Le renouveau de l'ocre

Le plan de relance

Le développement du tourisme

Conclusion

 

 

 

 

 

I l'ocre ( renseignements obtenus au conservatoire des ocres et ouvrage "luberon images et signes , ocres et ocriers du pays d'Apt " EDISUD " ,divers ouvrages touristiques étudiés en classe et la passion de notre maîtresse. )

1 - 1 La composition de l'ocre

Ocre vient du mot ôkhra qui signifie ' terre jaune ' mais les ocres du Vaucluse présentent une infinie palette de nuances passant du jaune pâle au rouge vif par de multiples orangés. Ces teintes sont dues à un pigment minéral : un hydroxyde de fer appelé " goethite " dont les cristaux sont toujours étroitement associés à une argile très pure : la kaolinite " . C'est l'association de ces deux minéraux qui constitue véritablement l'ocre , matériau noble et naturel.

Les ocres sont des substances naturelles connues et utilisées depuis la préhistoire à cause des propriétés essentielles de couleurs qu'elles fournissent ( inaltérité aux rayons solaires , grand pouvoir colorant ..).

 

1 - 2 Sa fabrication

On raconte que les premiers producteurs d'ocre lavaient le minerai sur les lieux d'extraction dans des pétrins où les blocs bruts étaient plongés dans l'eau. Cette eau qu'on allait chercher parfois très loin était transportée dans des tonneaux montés sur roues. Le mélange de minerai et d'eau était malaxé à bras et l'ocre surnageant envoyée dans un bassin creusé à même le sol. Après séchage, le produit était écrasé à l'aide de rouleaux de pierre utilisés au " dépiquage " du blé . Légendaire ou non , cette évocation décrit les différentes phases de la fabrication de l'ocre : lavage , décantation , séchage , broyage.

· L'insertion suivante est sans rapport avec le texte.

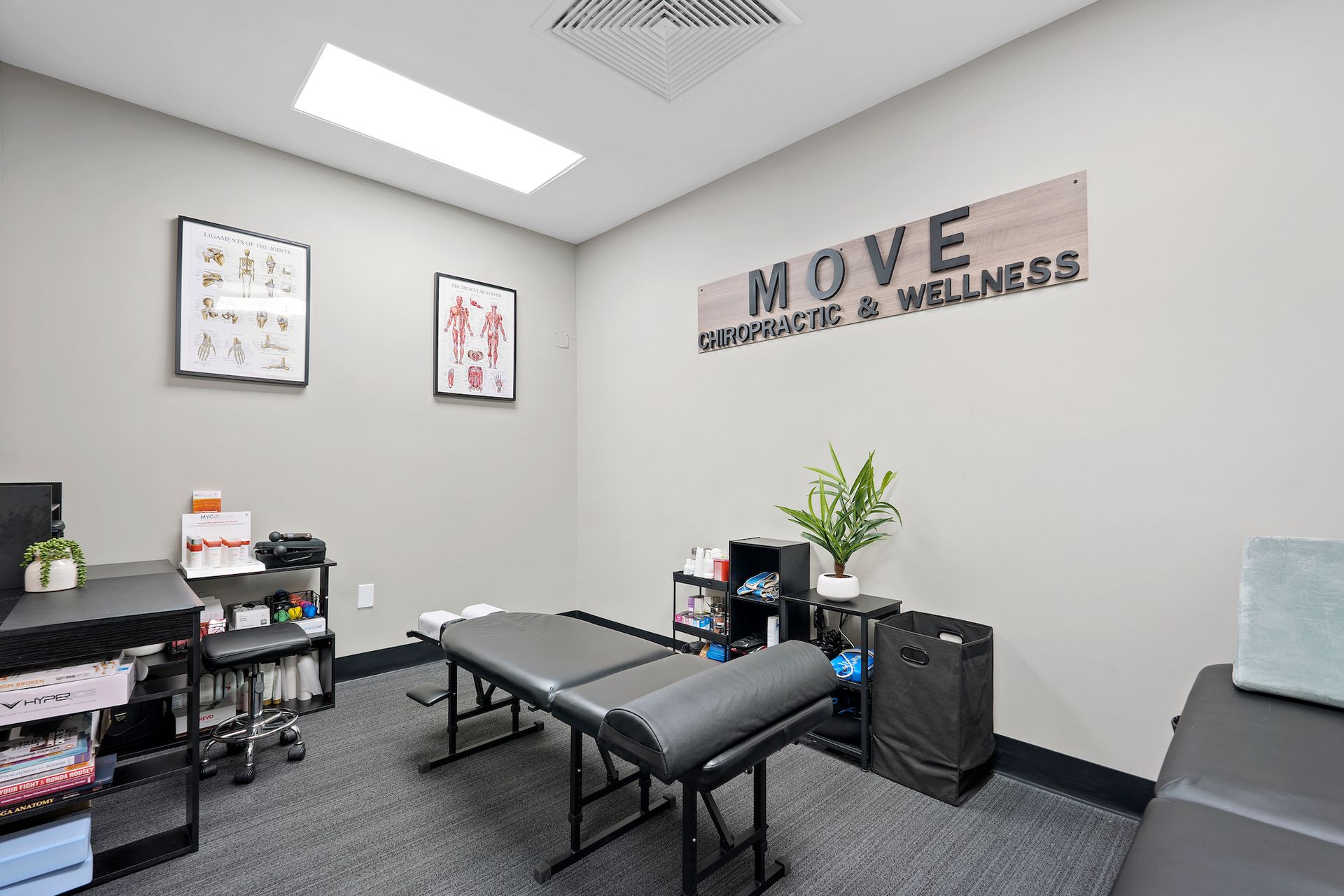 A room with a table and a sign on the wall that says `` move ''.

Les techniques employées pour chacune des ces opérations ont évolué grâce à la mécanisation et à l'électrification mais les éléments naturels continuent d'y tenir un rôle prépondérant et demeurent les meilleurs atouts du traitement de l'ocre : l'eau en abondance , le vent , le soleil.

 

Le minerai brut d'extraction doit subir un premier traitement , le lavage pour séparer l'ocre marchande des sables inertes ; opération délicate si l'on considère que pour prétendre à la pureté , la teneur en sable ne doit pas excéder 1,5 °/.

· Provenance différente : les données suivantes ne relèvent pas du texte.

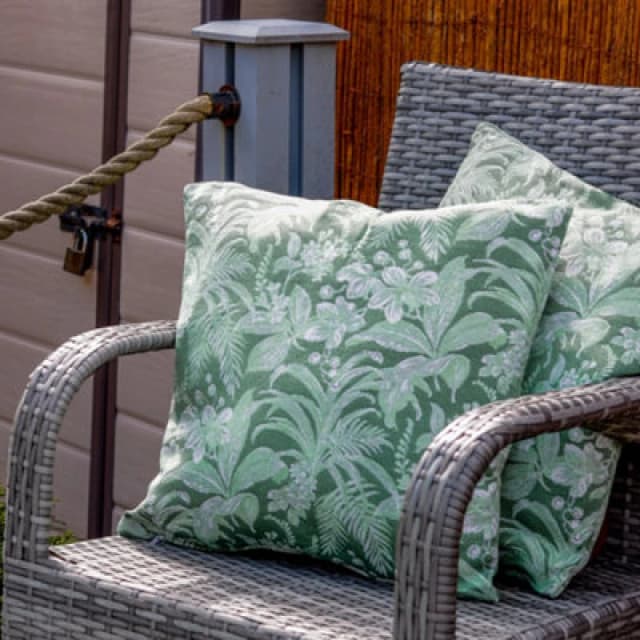 Streetwize Outdoor Floral Scatter Cushions - Green Green One Size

L'exploitation dépend toujours du temps plus précisément des sécheresses estivales . Tous les moyens étaient mis en oeuvre pour la recherche de l'eau indispensable à cette opération. Le sable le plus grossier se déposait le premier dans ces rigoles tandis que les autres particules , plus fines et plus légères continuaient leur course vers les reposoirs, labyrinthes constitués de chicanes de pierre où les dernières impuretés finissaient de se déposer.

L'eau qui ne charriait plus que de l'eau pure était alors dirigée vers les bassins.

 

La décantation et le séchage constituent l'étape la plus spectaculaire du cycle. Entièrement tributaire des éléments naturels , elle n'a encore subi aucune modification. Les cuves , grands bassins d'une centaine de mètres carré où s'opère la décantation de l'ocre. L'eau chargée d'ocre pure est renvoyée dans les bassins, où elle repose plusieurs jours.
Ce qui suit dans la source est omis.